Drop every picture, then print the rest of the listing exactly as given.

#### [Source data]
_ _ _ _
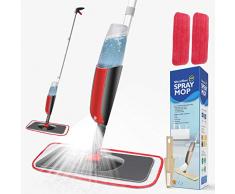 Winpok Wischer Mit sprühfunktion, Sprühwischer Für Schnelle Reinigung,Spray Mop Mit Sprühdüse,Bodenwischer Sprühfunktion Mit Wassertank Und 2-Mikrofaserbezug (Rot)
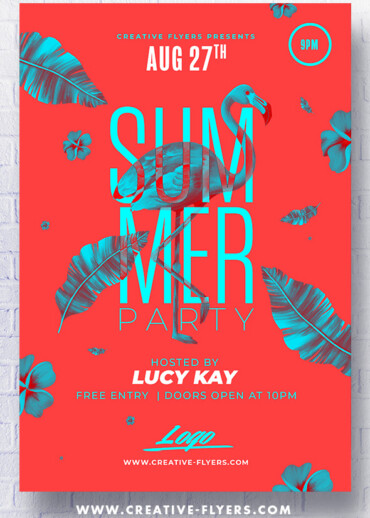 Tropical Summer Poster Template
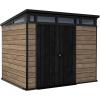 imageKeter Signature Collection 9x7 Ft AllWeather Storage Shed with Skylight Window Builtin Ventilation Customizable Walls ampamp Lockable Double Doors Ashwood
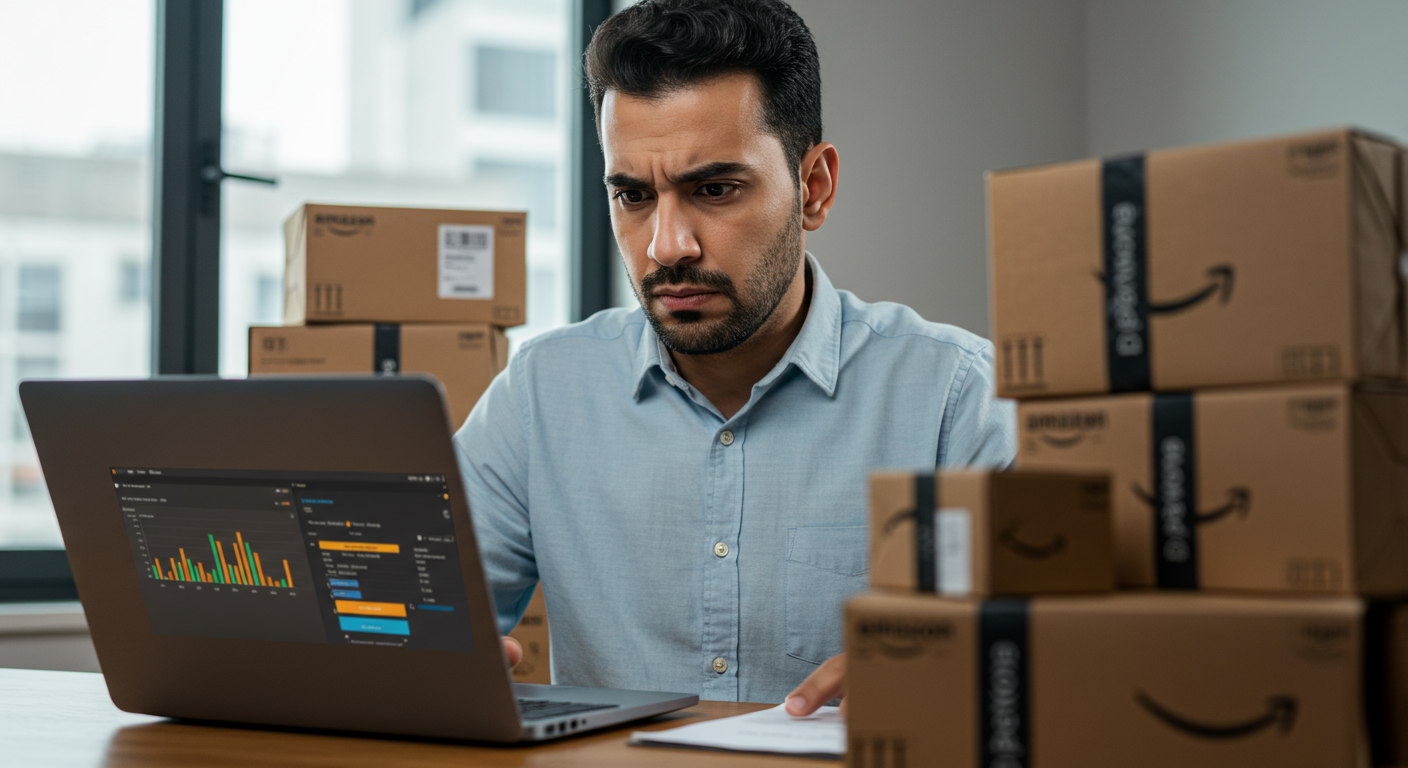 Confused Amazon Seller Reviewing Profits and Considering a PPC Agency An Amazon seller looks confused while reviewing profit and expense reports, realizing the need to hire an experienced Amazon PPC agency to manage ads effectively.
_ _ _ _
#### [Answer to the problem]
 Winpok Wischer Mit sprühfunktion, Sprühwischer Für Schnelle Reinigung,Spray Mop Mit Sprühdüse,Bodenwischer Sprühfunktion Mit Wassertank Und 2-Mikrofaserbezug (Rot)
 Tropical Summer Poster Template
 imageKeter Signature Collection 9x7 Ft AllWeather Storage Shed with Skylight Window Builtin Ventilation Customizable Walls ampamp Lockable Double Doors Ashwood
 Confused Amazon Seller Reviewing Profits and Considering a PPC Agency An Amazon seller looks confused while reviewing profit and expense reports, realizing the need to hire an experienced Amazon PPC agency to manage ads effectively.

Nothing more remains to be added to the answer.